**Task item**. The data below holds a line containing "Soccer ball shaped" and a line containing "Hot cassava cream broth in a pink bowl"; please quote exactly those two lines and every line between them, and nothing else.

**Data for this exercise**.
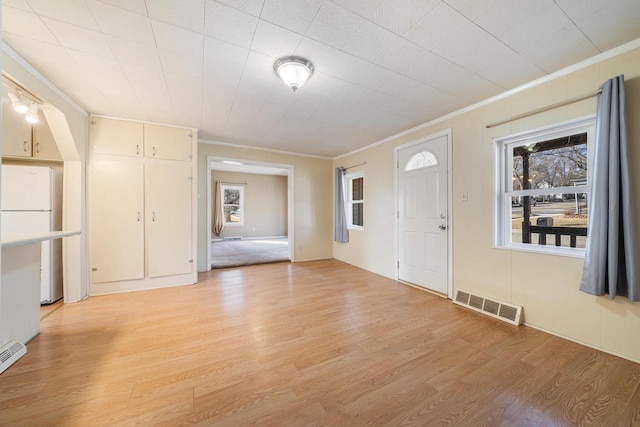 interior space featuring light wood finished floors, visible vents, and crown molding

==

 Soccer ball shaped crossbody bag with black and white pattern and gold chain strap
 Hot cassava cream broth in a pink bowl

---

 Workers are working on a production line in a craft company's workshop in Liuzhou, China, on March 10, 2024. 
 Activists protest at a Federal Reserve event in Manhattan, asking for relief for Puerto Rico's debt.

**Answer space**.
 Soccer ball shaped crossbody bag with black and white pattern and gold chain strap
 Hot cassava cream broth in a pink bowl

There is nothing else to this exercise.